__Work instruction__:
From the listing below, set down exactly the lines between the one holding "Crystal glass beads" and the one holding "Oklahoma Joe's Barbeque", inclusive. No other line is wanted.

__Records shown__:
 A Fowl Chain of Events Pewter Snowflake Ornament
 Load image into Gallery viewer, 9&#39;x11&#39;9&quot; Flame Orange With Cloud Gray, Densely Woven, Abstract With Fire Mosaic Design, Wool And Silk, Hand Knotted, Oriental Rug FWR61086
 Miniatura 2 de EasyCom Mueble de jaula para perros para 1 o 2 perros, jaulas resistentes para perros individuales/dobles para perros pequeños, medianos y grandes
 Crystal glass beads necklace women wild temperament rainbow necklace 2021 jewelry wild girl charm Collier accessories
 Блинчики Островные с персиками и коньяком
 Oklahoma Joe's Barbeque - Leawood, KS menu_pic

...

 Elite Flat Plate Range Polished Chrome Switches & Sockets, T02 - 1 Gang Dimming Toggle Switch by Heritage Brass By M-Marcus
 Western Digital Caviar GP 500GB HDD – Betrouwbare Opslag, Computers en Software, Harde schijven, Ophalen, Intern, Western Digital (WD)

__Exercise response__:
 Crystal glass beads necklace women wild temperament rainbow necklace 2021 jewelry wild girl charm Collier accessories
 Блинчики Островные с персиками и коньяком
 Oklahoma Joe's Barbeque - Leawood, KS menu_pic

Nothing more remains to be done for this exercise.